Redheaded vixen Florence Welch has made a living writing songs about love, death, misery and even delving into Christian ideology when the occasion calls for it. With a three-and-a-half-year hiatus now behind them, Florence + the Machine have released their third album How Big, How Blue, How Beautiful and it’s nothing less than you’d expect from the critically acclaimed group.

Listening to the LP, it’s immediately evident the English indie rock band are branching away from 2011’s Ceremonials and its dark, robust motif. With new producer Markus Dravs (Arcade Fire, Coldplay) at the helm, this is their first attempt at a rock ‘n’ roll-inspired record and precisely what they needed moving forward. How Big, How Blue, How Beautiful deals with a far more intimate reality – how to live and love in this world, rather than escape it.

The first step on this big, blue, beautiful journey is Ship To Wreck. Jovial with its boisterous drums and guitar-driven arrangement, juxtaposed with ominous lyrics that speak of sleeping pills and alcohol abuse. Having admitted the song refers to her own destructive nature, Welch sings, “Did I drink too much? Am I losing touch?” It was almost not included on the album as Dravs banned further ‘nautical’ concepts. Good thing she rebelled against the notion as it’s one of the best, and most popular, tunes on the album.

What Kind of Man begins with a haunting introduction reminiscent of Ceremonials, and yet is essentially a classic rock firepower when it kicks in with its searing guitar riffs and horn blasts. Whoever pissed Welch off better watch their backs if her fierce performance is anything to go by. In contrast, title track How Big, How Blue, How Beautiful is a melodramatic production with its proclaiming trumpets and catchy drumbeats. Befitting for a song that seems to be one huge metaphor for the Los Angeles sky – home to Hollywood and all its glitz and glamour.

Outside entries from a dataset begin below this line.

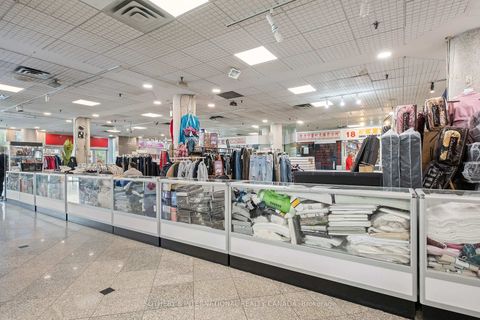 Photo 18 at 237 - 222 Spadina Avenue, Chinatown, Toronto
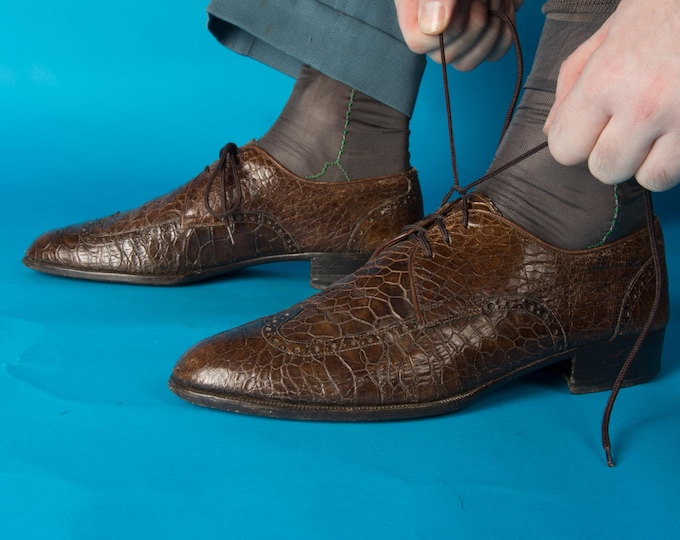 1970s Vintage Shoes Size 9 1/2 D - Volare Pressed Leather Alligator Pattern Wingtip Brogues
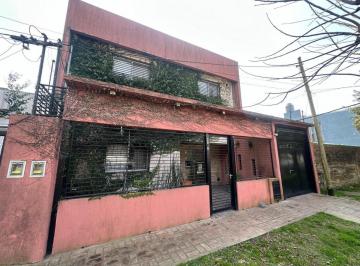 Casa · 181m² · 7 Ambientes · 3 Cocheras · Casa en Venta en Gonnet - 4 Dorm.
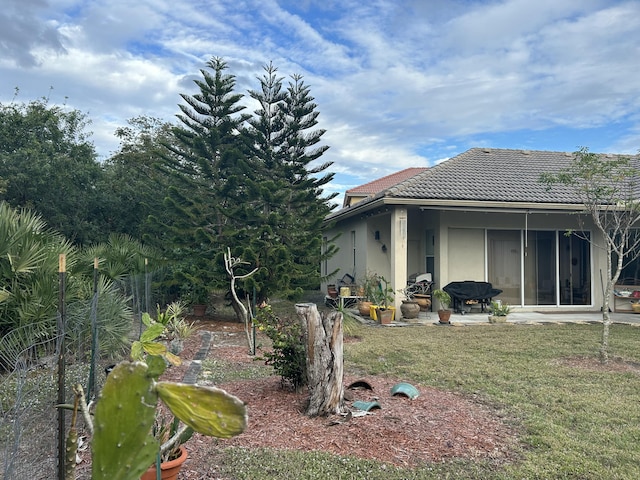 view of yard featuring a patio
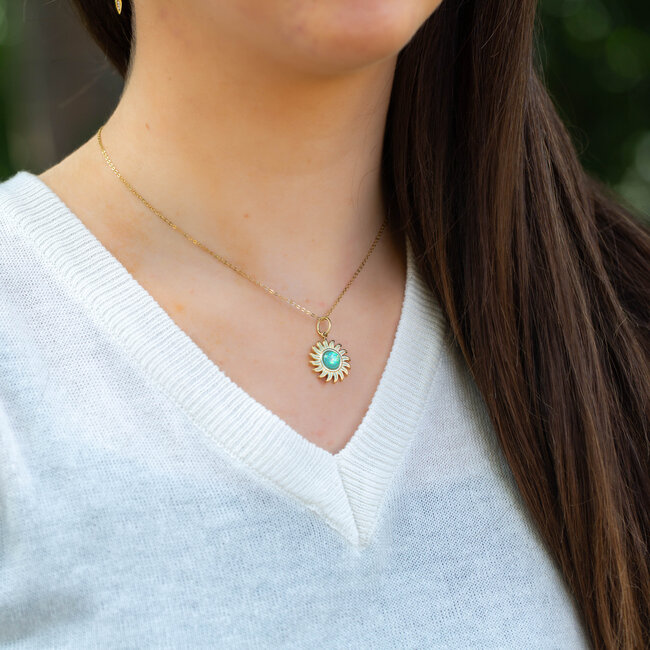 Goud fijne ketting met zonbedel en blauwe details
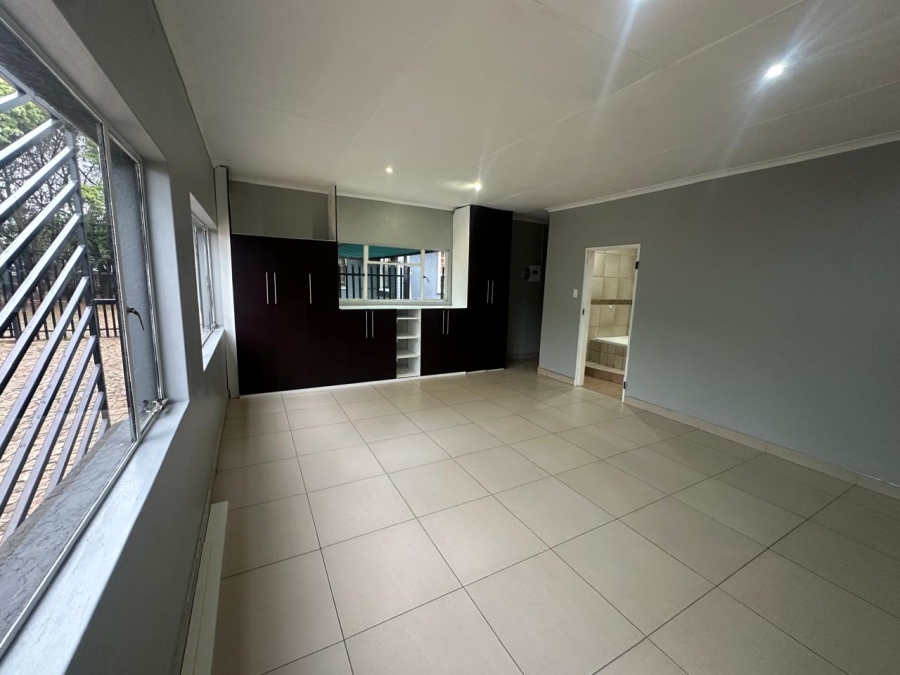 To Let 2 Bedroom Property for Rent in Greymont Gauteng
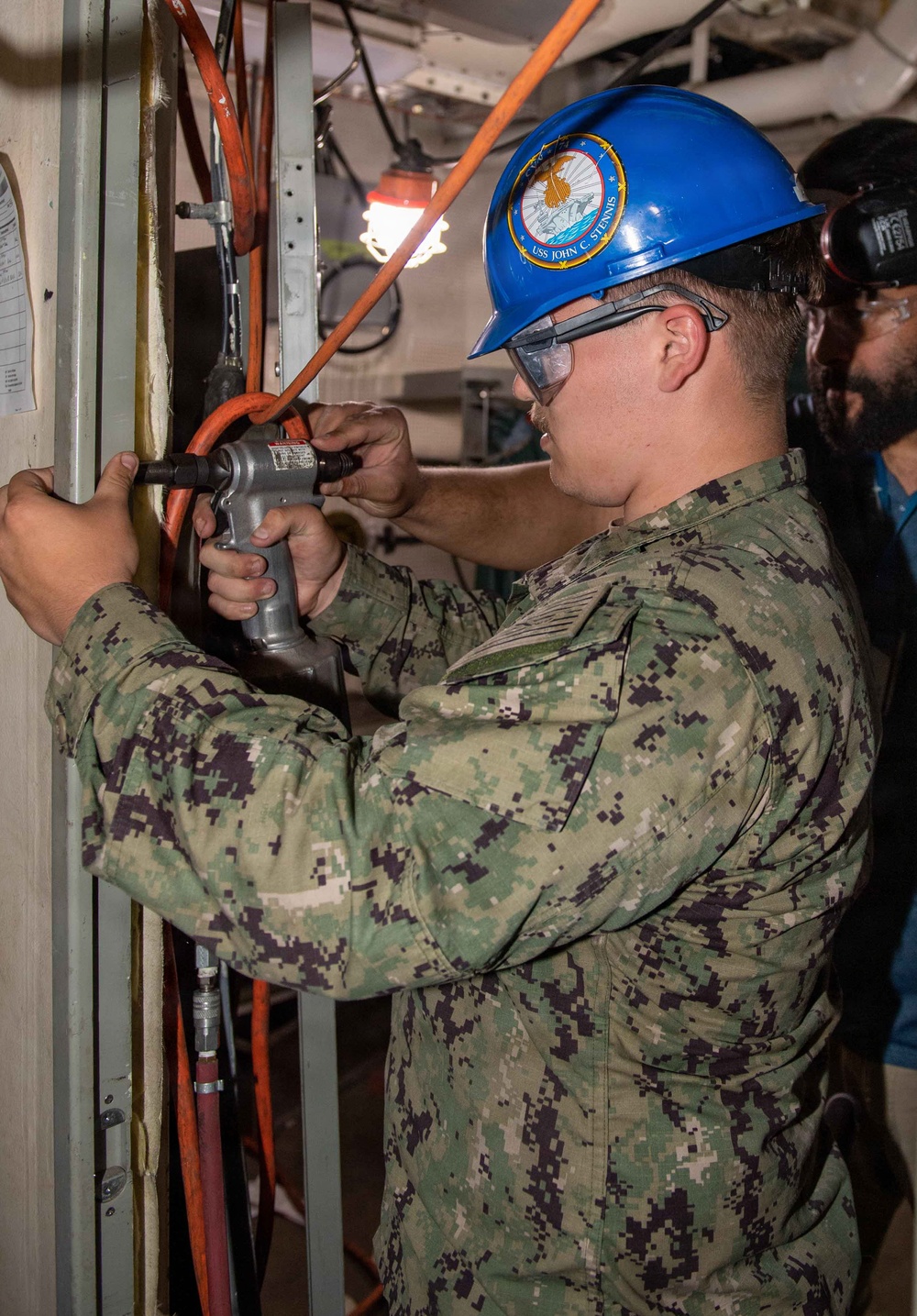 NNS Helps Sailors Use Pneumatic Drill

Known for her rich storytelling, Welch delivers in spades on energetic anthem Queen Of Peace. Her deep, dark lyrics are chaperoned by strings and brass giving it an old world quality that is broken occasionally with a well strummed guitar. This track will undoubtedly be a crowd favourite at live shows.

Similarly low-key tracks Various Storms & Saints and Long and Lost both quietly drift amongst the emphatic songs that surround them. Their ballad-like melodies cite a tale of love and loss, although it’s Welch’s falsetto in each that astounds. Gospel-infused St Jude walks a very lonesome road, and whilst it has much in common with the gentler tracks on the album, it has a distinct meditative tranquility that allows you to truly connect with the music.

Bluesy, gospel-tinged Mother sees the return of producer Paul Epworth who worked on Lungs and Ceremonials. Abandoning the use of signature instruments, the melody is carried by a heavy use of organ, quirky maracas and guitars. Once the chorus hits, you’re reminded why Florence + the Machine are so good at what they do.

At its core, How Big, How Blue, How Beautiful is an ode to destructive relationships, documenting a full circle of emotions – from loss to anger and eventual hints of recovery that stream through when you reach the final tracks. Fans new and old will definitely enjoy this one.